Indian-origin law student sues Preet Bharara
An Indian-origin law student has sued Manhattan's top federal prosecutor Preet Bharara and the US Justice Department claiming she was unlawfully questioned and her cell phone confiscated after she sent letters to the presiding judge during Rajat Gupta's insider trading trial.
24-year-old Benula Bensam, who regularly attended the trial of ex-McKinsey head Gupta, filed a 16-page lawsuit against Bharara, prosecutors Reed Brodsky, Richard Tarlowe and the US Marshals Service in US District Court here this month.
In the lawsuit she alleges that she was subjected to ‘unreasonable search and seizure for unlawful stop, detention, interrogation, seizure of property, search of property, search of communications and demand for identification.’

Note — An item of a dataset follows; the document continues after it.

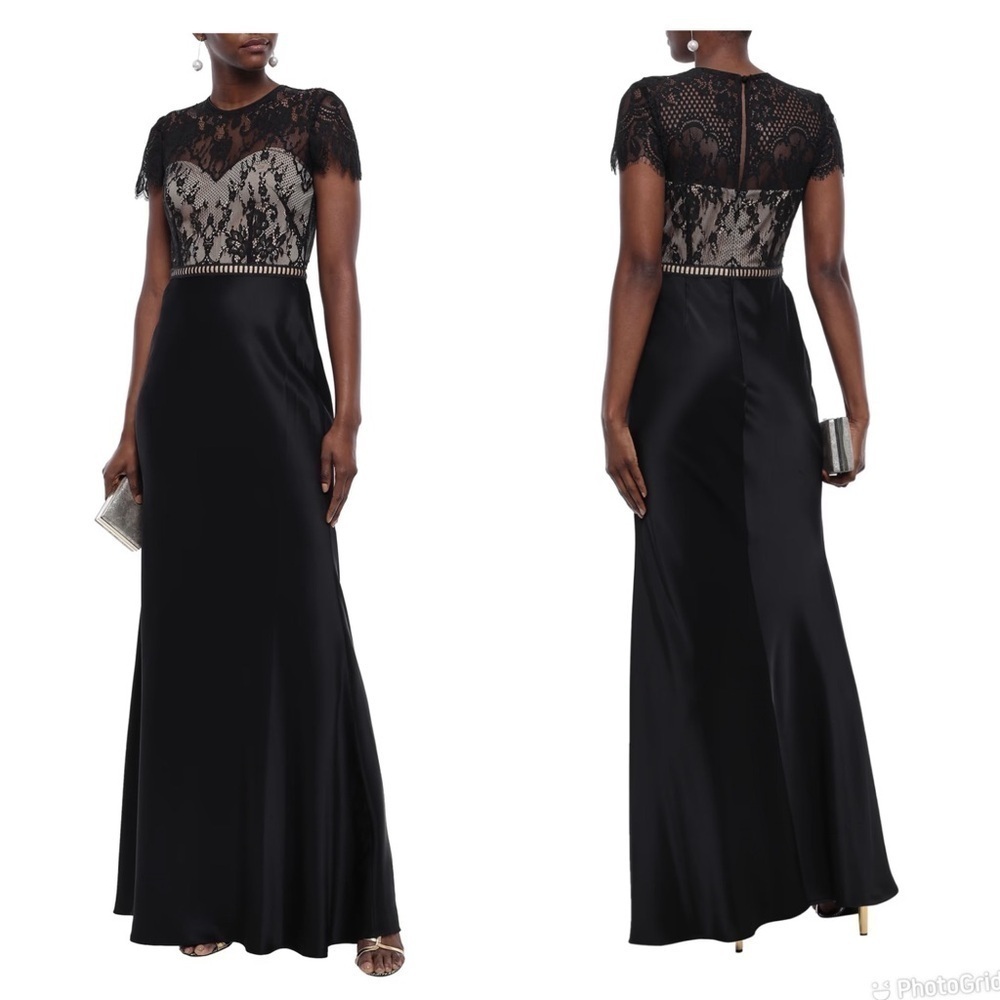 NWT Catherine Deane Lace-paneled cotton-blend satin gown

She is representing herself in the lawsuit. Bensam had got into trouble during Gupta trial last month after she sent three letters to Judge Jed Rakoff on the case. A law student at the Benjamin Cardozo School of Law, Bensam said she had taken a class on federal rules of evidence during her last semester and the letters to Rakoff focussed on the various evidentiary rulings he had made in the case and were not intended to influence him.
She said in the lawsuit that she wanted to ‘understand the process of litigation’ and intended to follow the case on a ‘general level’.

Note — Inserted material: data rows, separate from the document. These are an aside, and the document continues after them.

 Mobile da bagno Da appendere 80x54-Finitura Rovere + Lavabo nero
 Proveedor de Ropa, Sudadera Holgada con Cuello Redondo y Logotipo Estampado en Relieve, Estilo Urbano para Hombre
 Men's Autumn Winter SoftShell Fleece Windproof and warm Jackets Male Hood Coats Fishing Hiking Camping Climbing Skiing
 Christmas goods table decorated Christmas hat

"At no point had anyone informed me that I must not direct letters about the ongoing trial, or about the evidentiary rules or about any other matter to Judge Rakoff," she said in the lawsuit, adding that "no executive agency may intercept or intervene in any way the communications to a member of the judiciary on the subject of a trial."

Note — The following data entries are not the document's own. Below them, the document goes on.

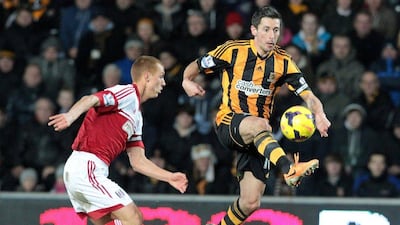 Right midfield: Robert Koren (Hull) - Hull captain Robert Koren, right, ended a five-year wait for a Premier League goal with two in the thrashing of Fulham. AFP PHOTO / LINDSEY PARNABY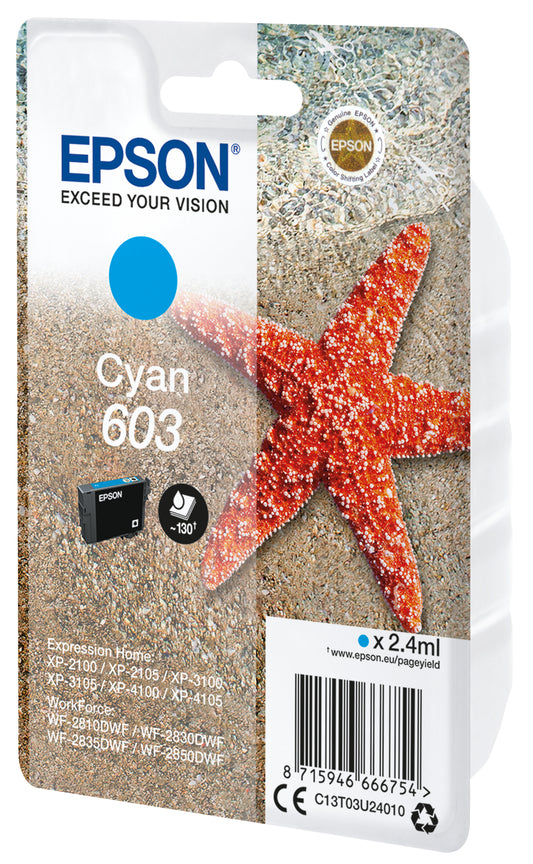 Epson 603 Cyan Cartucho de Tinta Original - C13T03U24010. 130 Paginas
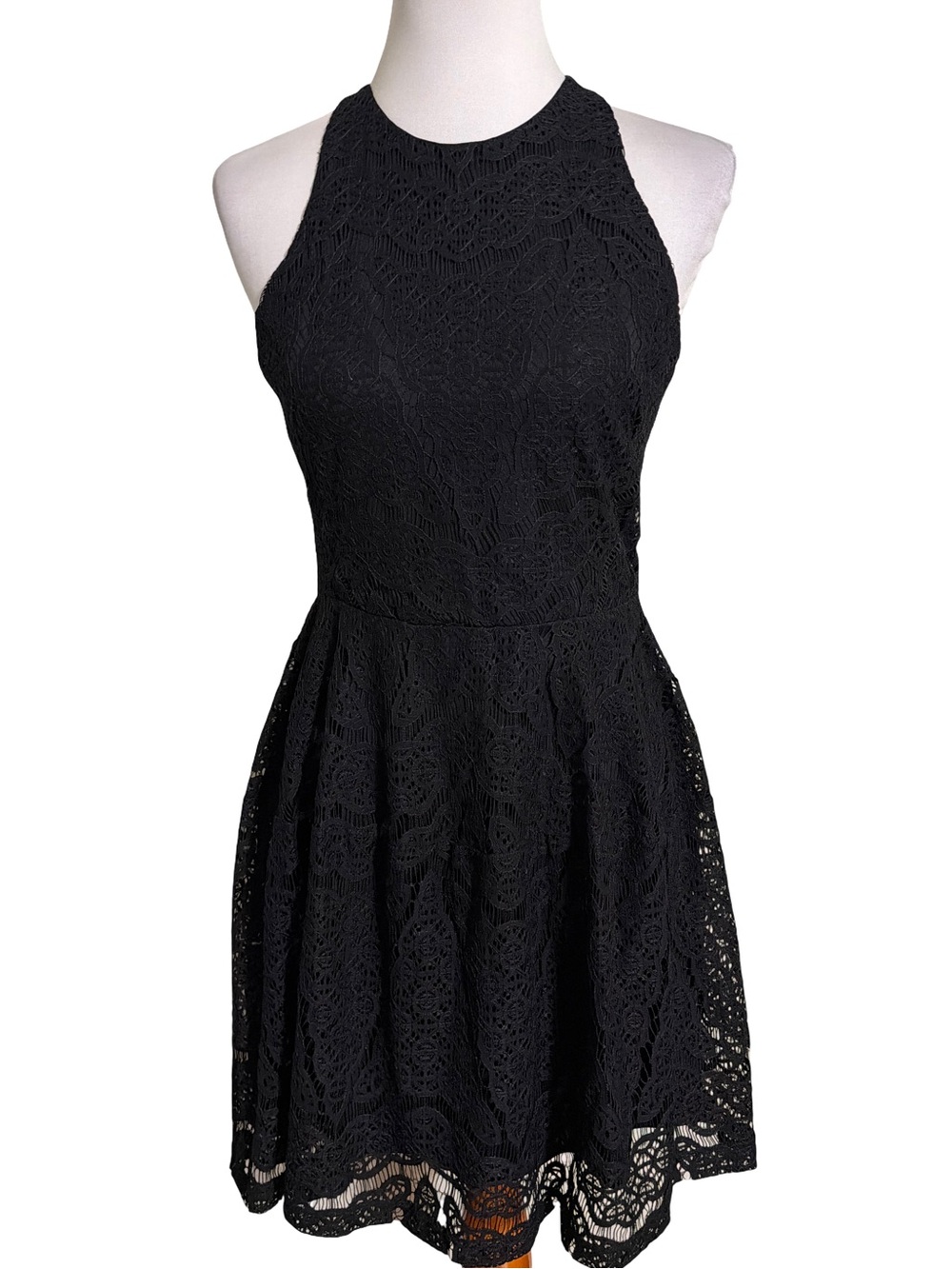 Mossimo Supply Co. Black Lace Halter Midi Dress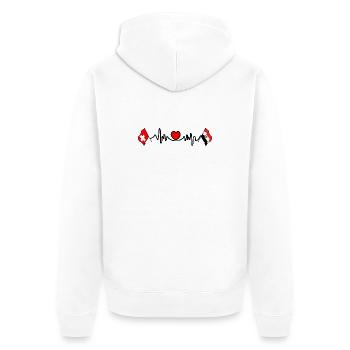 Cardio-Herz mit Schweizer Flagge, Ägypten-Flagge - Unisex Premium Bio Zip Hoodie - Weiß - Hinten - Thijin (182cm)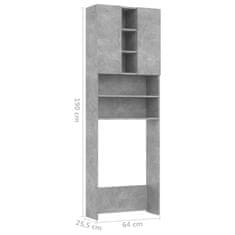 Vidaxl Omara za pralni stroj betonsko siva 64x25,5x190 cm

"It is not a crime for a disinterested party to write letters to a judge on the subject of a trial," the lawsuit said.
"The US Marshals are to be held responsible for actions taken by court security officers for their role in the seizure of my phone," Bensam said in the lawsuit.
She added that Bharara as well as the prosecutors in the Gupta case had "instigated the involvement of the US Marshals".
During one of the court proceedings in June, Bensam was escorted out of the courtroom by US Marshals and questioned over the letters she had sent to the judge.
Marshals questioned her at length and refused to return her cell phone saying she could get it back only after she had answered all their questions, she said.